I’ve seen this question everywhere- does the Bible, which says we should be loving and kind, overlook or forgives slavery? Let’s look at this question.
“And if thy brother, an Hebrew man, or an Hebrew woman, be sold unto thee, and serve thee six years; then in the seventh year thou shalt let him go free from thee. And when thou sendest him out free from thee, thou shalt not let him go away empty: Thou shalt furnish him liberally out of thy flock, and out of thy floor, and out of thy winepress: of that wherewith the LORD thy God hath blessed thee thou shalt give unto him. And thou shalt remember that thou wast a bondman in the land of Egypt, and the LORD thy God redeemed thee: therefore I command thee this thing to day.”
Deuteronomy 15:12 – 15:15
This is the verse that many people use to say the Bible overlooks or allows slavery. However, this is NOT the case.
Here’s what GotQuestions.org says:
The Bible does not specifically condemn the practice of slavery. It gives instructions on how slaves should be treated (Deuteronomy 15:12-15; Ephesians 6:9; Colossians 4:1), but does not outlaw slavery altogether. Many see this as the Bible condoning all forms of slavery. What many fail to understand is that slavery in biblical times was very different from the slavery that was practiced in the past few centuries in many parts of the world. The slavery in the Bible was not based exclusively on race. People were not enslaved because of their nationality or the color of their skin. In Bible times, slavery was based more on economics; it was a matter of social status. People sold themselves as slaves when they could not pay their debts or provide for their families. In New Testament times, sometimes doctors, lawyers, and even politicians were slaves of someone else. Some people actually chose to be slaves so as to have all their needs provided for by their masters.

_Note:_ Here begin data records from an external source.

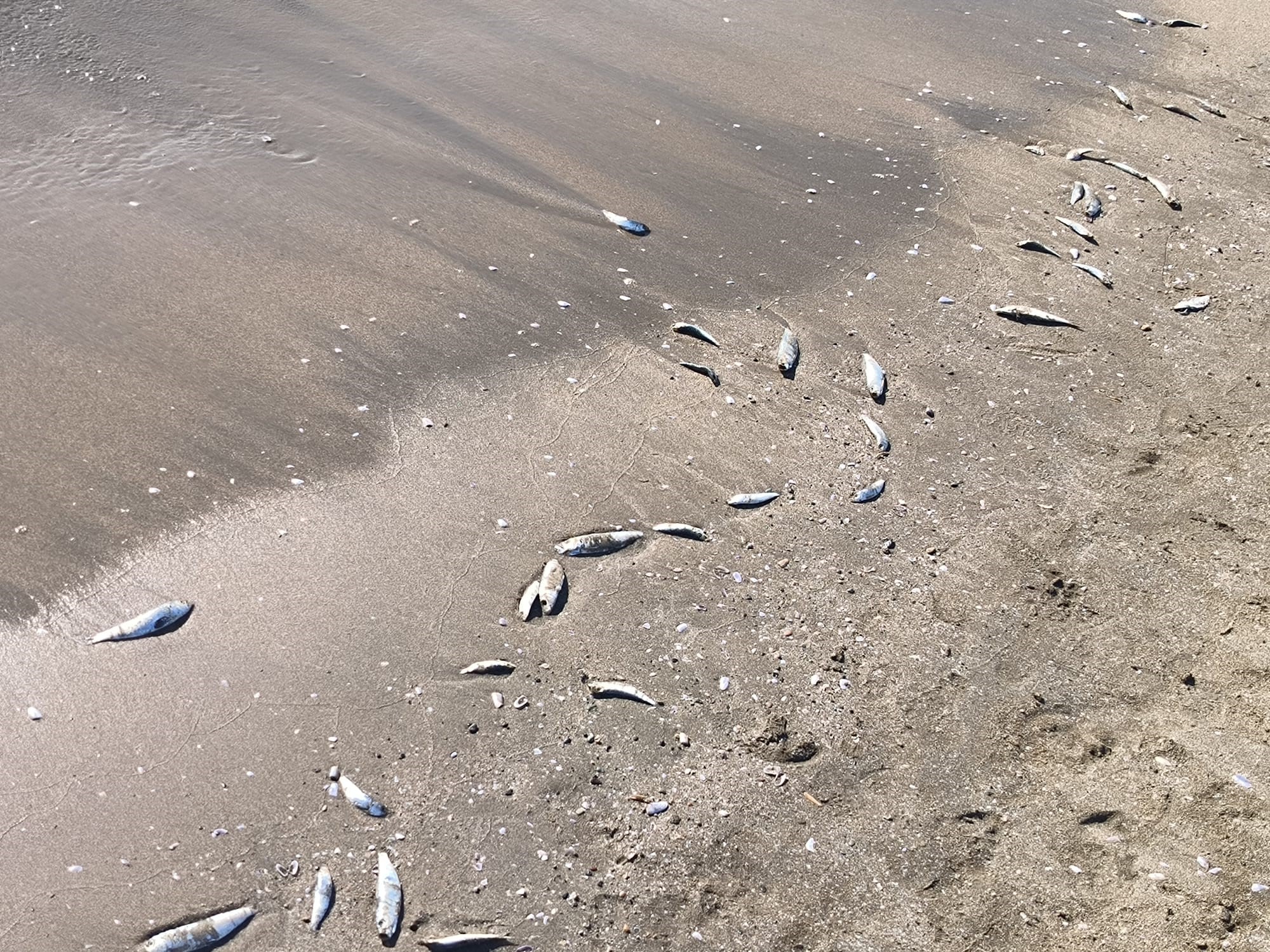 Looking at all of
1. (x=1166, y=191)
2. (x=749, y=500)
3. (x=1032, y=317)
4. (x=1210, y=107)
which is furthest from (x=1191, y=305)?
(x=749, y=500)

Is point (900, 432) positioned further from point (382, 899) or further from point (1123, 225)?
point (382, 899)

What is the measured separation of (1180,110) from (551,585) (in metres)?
7.86

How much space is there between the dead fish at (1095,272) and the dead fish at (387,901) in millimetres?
6346

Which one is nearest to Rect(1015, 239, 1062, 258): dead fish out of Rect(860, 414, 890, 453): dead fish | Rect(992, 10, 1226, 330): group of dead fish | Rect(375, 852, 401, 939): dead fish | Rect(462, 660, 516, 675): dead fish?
Rect(992, 10, 1226, 330): group of dead fish

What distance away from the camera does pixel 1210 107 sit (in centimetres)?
1006

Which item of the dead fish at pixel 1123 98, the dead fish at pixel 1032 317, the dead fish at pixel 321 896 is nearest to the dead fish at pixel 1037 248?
the dead fish at pixel 1032 317

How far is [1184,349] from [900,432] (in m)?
Answer: 2.34

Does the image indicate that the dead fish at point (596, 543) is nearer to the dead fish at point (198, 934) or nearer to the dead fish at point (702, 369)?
the dead fish at point (702, 369)

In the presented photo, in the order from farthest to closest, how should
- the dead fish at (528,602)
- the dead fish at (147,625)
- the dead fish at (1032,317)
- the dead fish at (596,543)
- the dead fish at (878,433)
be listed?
the dead fish at (1032,317) < the dead fish at (878,433) < the dead fish at (596,543) < the dead fish at (528,602) < the dead fish at (147,625)

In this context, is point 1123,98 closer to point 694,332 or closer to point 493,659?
point 694,332

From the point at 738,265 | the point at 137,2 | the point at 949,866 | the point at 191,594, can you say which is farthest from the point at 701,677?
the point at 137,2

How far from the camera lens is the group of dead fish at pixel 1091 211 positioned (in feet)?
25.0

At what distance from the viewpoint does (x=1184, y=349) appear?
756 cm

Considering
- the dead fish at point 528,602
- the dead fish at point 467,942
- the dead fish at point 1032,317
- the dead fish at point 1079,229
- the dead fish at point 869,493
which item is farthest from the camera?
the dead fish at point 1079,229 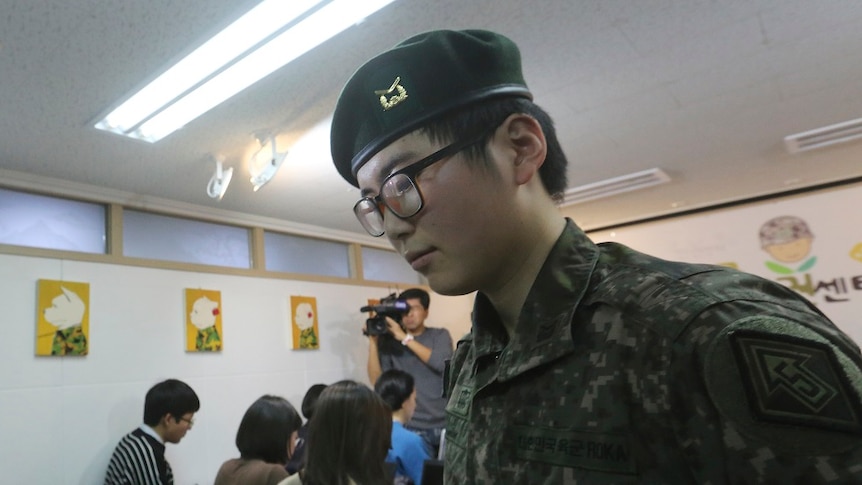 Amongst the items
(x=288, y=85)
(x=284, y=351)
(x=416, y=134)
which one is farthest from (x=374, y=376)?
(x=416, y=134)

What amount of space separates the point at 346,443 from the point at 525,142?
1288mm

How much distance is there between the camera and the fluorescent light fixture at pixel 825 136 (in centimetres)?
274

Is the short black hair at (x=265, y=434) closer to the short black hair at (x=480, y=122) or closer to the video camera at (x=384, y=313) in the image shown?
the video camera at (x=384, y=313)

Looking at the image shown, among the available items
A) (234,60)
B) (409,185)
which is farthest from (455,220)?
(234,60)

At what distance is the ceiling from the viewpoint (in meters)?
1.58

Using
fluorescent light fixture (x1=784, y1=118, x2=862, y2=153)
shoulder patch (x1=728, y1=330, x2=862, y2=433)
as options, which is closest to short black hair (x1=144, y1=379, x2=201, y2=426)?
shoulder patch (x1=728, y1=330, x2=862, y2=433)

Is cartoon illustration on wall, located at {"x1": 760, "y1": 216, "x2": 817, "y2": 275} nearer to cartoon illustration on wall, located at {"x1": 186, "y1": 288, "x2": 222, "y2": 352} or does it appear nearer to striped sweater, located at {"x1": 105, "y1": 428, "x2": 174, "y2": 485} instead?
cartoon illustration on wall, located at {"x1": 186, "y1": 288, "x2": 222, "y2": 352}

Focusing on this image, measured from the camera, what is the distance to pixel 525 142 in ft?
2.10

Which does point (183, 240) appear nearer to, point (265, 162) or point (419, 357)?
point (265, 162)

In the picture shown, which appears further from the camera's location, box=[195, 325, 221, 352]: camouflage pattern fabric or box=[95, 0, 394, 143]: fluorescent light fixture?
box=[195, 325, 221, 352]: camouflage pattern fabric

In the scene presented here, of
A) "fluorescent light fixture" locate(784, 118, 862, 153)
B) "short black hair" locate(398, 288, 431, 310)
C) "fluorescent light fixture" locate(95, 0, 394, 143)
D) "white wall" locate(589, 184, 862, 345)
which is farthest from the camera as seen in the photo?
"short black hair" locate(398, 288, 431, 310)

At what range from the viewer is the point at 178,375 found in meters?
2.79

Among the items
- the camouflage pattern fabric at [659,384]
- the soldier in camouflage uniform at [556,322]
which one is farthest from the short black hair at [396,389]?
the camouflage pattern fabric at [659,384]

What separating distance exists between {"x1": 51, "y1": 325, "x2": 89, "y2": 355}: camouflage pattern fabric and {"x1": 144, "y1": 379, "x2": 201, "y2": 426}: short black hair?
1.22 feet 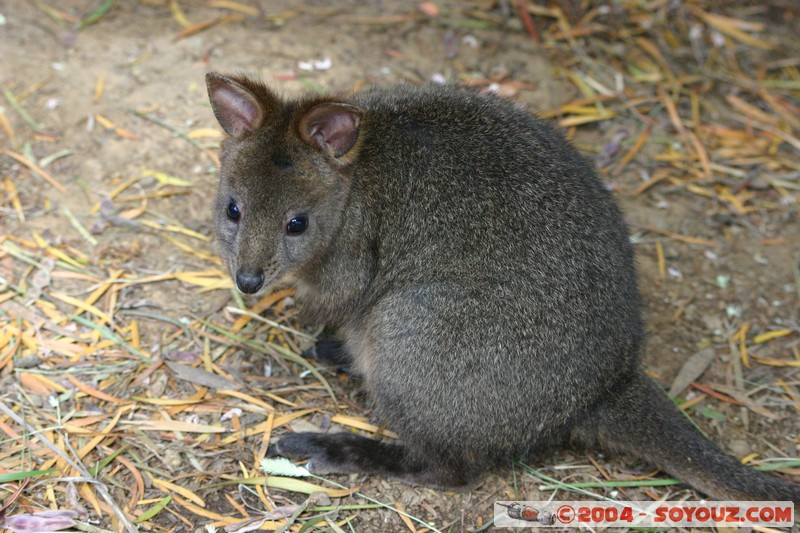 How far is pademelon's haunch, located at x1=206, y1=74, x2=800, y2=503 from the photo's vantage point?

The slavery of the past few centuries was often based exclusively on skin color. In the United States, many black people were considered slaves because of their nationality; many slave owners truly believed black people to be inferior human beings. The Bible condemns race-based slavery in that it teaches that all men are created by God and made in His image (Genesis 1:27). At the same time, the Old Testament did allow for economic-based slavery and regulated it. The key issue is that the slavery the Bible allowed for in no way resembled the racial slavery that plagued our world in the past few centuries.
In addition, both the Old and New Testaments condemn the practice of “man-stealing,” which is what happened in Africa in the 16th to 19th centuries. Africans were rounded up by slave-hunters, who sold them to slave-traders, who brought them to the New World to work on plantations and farms. This practice is abhorrent to God. In fact, the penalty for such a crime in the Mosaic Law was death: “Anyone who kidnaps another and either sells him or still has him when he is caught must be put to death” (Exodus 21:16). Similarly, in the New Testament, slave-traders are listed among those who are “ungodly and sinful” and are in the same category as those who kill their fathers or mothers, murderers, adulterers and perverts, and liars and perjurers (1 Timothy 1:8– 10).
So there we go. The Bible does not overlook slavery.